|Description: A set of twenty-five bound magazine volumes with each volume representing one half year, dates from 1860 until 1872. The book covers have a solid cover spine and multicoloured front and back covers. Volume three is missing. 979.6.1484.13 has an inscription on the title page that reads "James B. Harris." Inside the cover of 979.6.1484.4 "55 Dnood (?) " is inscribed. |
Cornhill Magazine, named after Cornhill , a street in London, was the most important magazine of the latter part of the nineteenth century. It was founded in 1860 by the publisher George Smith. It aimed to combine the critical view and the serial novel. Smith hoped to gain some of the same readership enjoyed by "All the Year Round" a similar magazine owned by Charles Dickens, and he employed as editor William Thackeray, Dickens' great literary rival at the time.
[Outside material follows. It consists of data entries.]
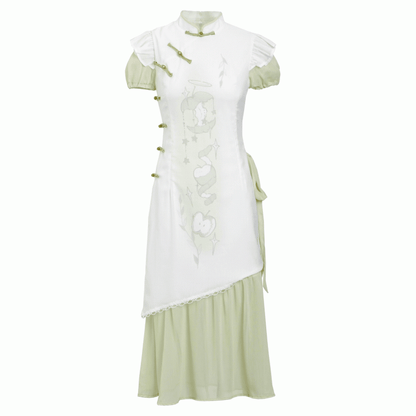 Gebändertes Kleid Qipao Kragen Apfeldruck Cheongsam Stil Knöpfe Grüner Knoten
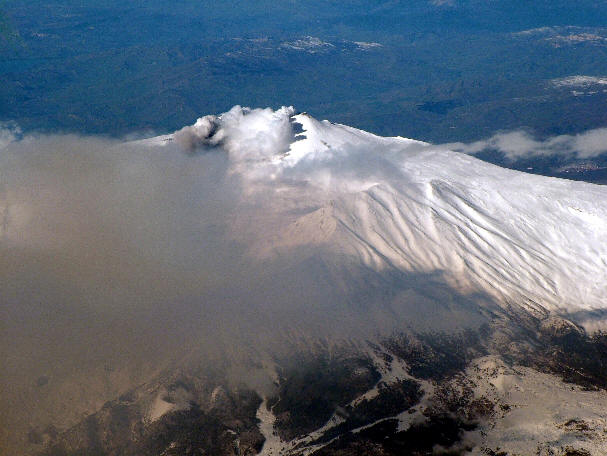 Il Vulcano Etna innevato ripreso dal una bellisima e suggestiva foto aerea. Si tratta del Vulcano pi� altro d'Europa situato nel territorio catanese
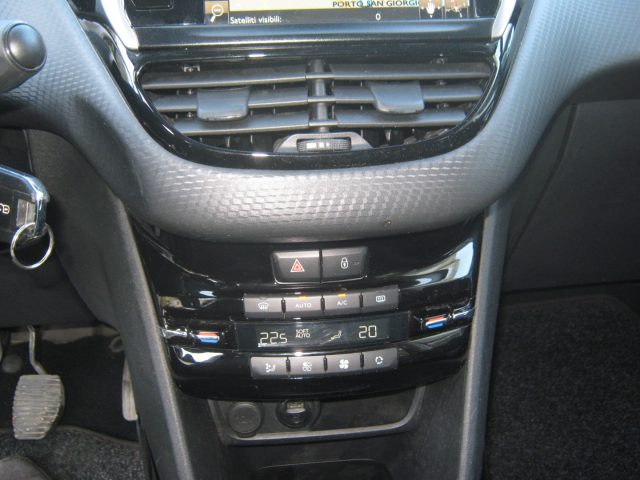 PEUGEOT 2008 usata, con Cruise Control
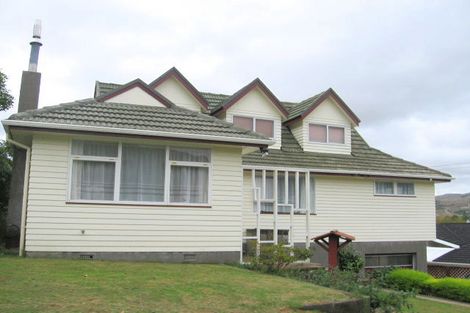 Photo of property in 56 Larsen Crescent, Tawa, Wellington, 5028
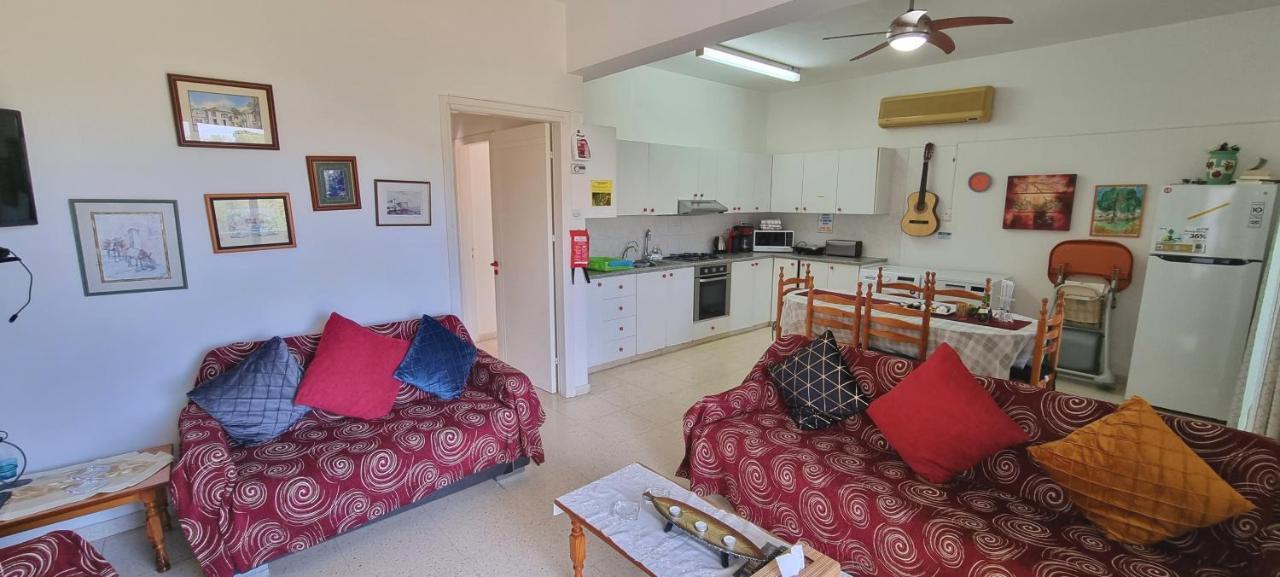 Astrofegia Apartments Near The Sea Agia Marina  Luaran gambar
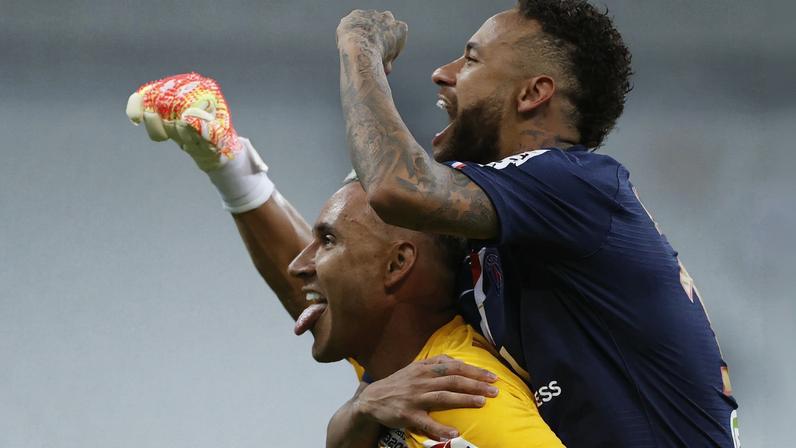 Neymar e Keylor Navas comemoram título do PSG na Copa da Liga Francesa — Foto: REUTERS/Christian Hartmann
The sale of the magazine, at a shilling, exceeded all expectations, and the first number sold 110,000 copies. Within a few years circulation dropped rapidly as it gained a reputation for rather safe, inoffensive content in the late Victorian era. A mark of the high regard in which it was held though was its publication of "Leaves from the Journal of our Life in the Highlands" by Queen Victoria. REF: http://www.victorianweb.org/periodicals/cornhill.html and http://en.wikipedia.org/wiki/Cornhill Magazine visited July 18, 2007.
The magazines most likely came from Matilda Lindsay (née Harris) as she frequently sent packages to Benares. Matilda referred to four volumes of the magazines in a letter to her brother James Beveridge Harris. See: Harris Family Fonds, Letter , Matlida to James , Peel Archives.